Thymektomie bei okulärer Myasthenia gravis

Neuro-Depesche 9/2022

Prognose- und Risikofaktorenanalyse

Zertifizierte Fortbildung
Mehrere retrospektive Studien haben bei Patienten mit einer okulären Myasthenia gravis (oMG) Risikofaktoren für eine Generalisierung der MG (gMG) identifiziert. Jetzt wurde das Risiko bei thymektomierten oMG-Patienten untersucht. Gab es relevante klinische Prädiktoren für die Konversion zur gMG?
Retrospektiv wurden die Krankengeschichten von 58 oMG-Patienten ausgewertet, die sich zwischen Jan. 2012 und Dez. 2021 einer Thymektomie unterzogen hatten. Sie waren im Durchschnitt im Alter von 54.7 Jahren erkrankt, 57,7 % waren weiblich. Neben der oMG-gMG-Konversion wurden eine komplette stabile Remission (CSR) der Symptome und relevante klinische Besserungen erfasst. Dabei wurde u. a. nach den Befunden der repetitiven Stimulation (RNS) des M. orbicularis oculi (3 Hz) und nach Histotyp/Hyperplasie des Thymoms unterschieden.
 
Fast jeder Vierte konvertierte
Die mediane Nachbeobachtung dauerte 59,3 (9 - 114,5) Monate.
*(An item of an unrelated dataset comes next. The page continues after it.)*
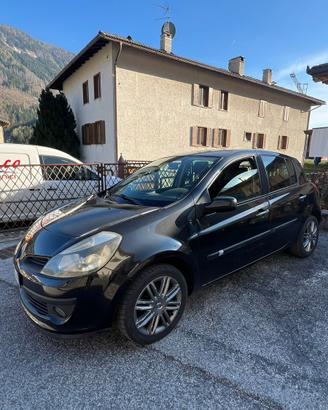 Renault Clio 1.5 dci - 103cv - 6 marce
Zuletzt hatten 13 Patienten (22,4 %) eine gMG entwickelt – median 12,7 (3 - 37,3) Monate nach Beginn der okulären Symptome und 9,2 (1,4 - 32,9) Monate nach der Thymektomie. Mit einem erhöhten Risiko für eine gMG-Konversion verbunden waren eine RNS-Positivität (Amplitudenreduktion > 10 %: 84,6 % vs. 35,6 %; p = 0,002) sowie ein histologisches B2/B3-Subtyp-Thymom (vs. AB/B1-Thymom bzw. Hyperplasie; p = 0,002).
 
Prädiktoren der Remission
16 von 52 CSR-auswertbaren Patienten (30,8 %) erreichten nach 15 bis 54, durchschnittlich 28,7 Monaten eine CSR und 15 von 58 Patienten (28,8 %) waren beim letzten Follow up klinisch gebessert. Patienten, die eine CSR erreichten, waren signifikant früher erkrankt (mit 48,3 vs. 57,5 Jahren; p = 0,022), und seltener ACh-Rezeptor-Antikörper-seropositiv (43,8 vs. 75,0 %; p = 0,029). Histologisch zeigten Patienten mit Thymushyperplasie und Thymom im Masaoka–Koga-Stadium I eine höhere CSR-Wahrscheinlichkeit als jene mit Thymom Stadium II/III (p = 0,010). Die multivariate Regressionsanalyse bestätigte signifikante Assoziationen der oMG-Konversion nach der Thymektomie mit der RNS-Positivität (Hazard Ratio: 6,007, p = 0,021) und dem B2/B3-Thymom-Histotyp (HR: 4,611, p = 0,048). Eine CSR nach dem Eingriff begünstigte dagegen eine Thymushyperplasie und ein Stadium-I-Thymom (HR: 0,300; p = 0,026). JL
Fazit
Bei oMG-Patienten sind RNS-Positivität und der Histosubtyp B2/B3-Thymom- unabhängige Prädiktoren für eine Konversion zu einer gMG. Andererseits sagen Thymushyperplasie und ein Thymom im Stadium I in unabhängiger Weise eine komplette Remission voraus.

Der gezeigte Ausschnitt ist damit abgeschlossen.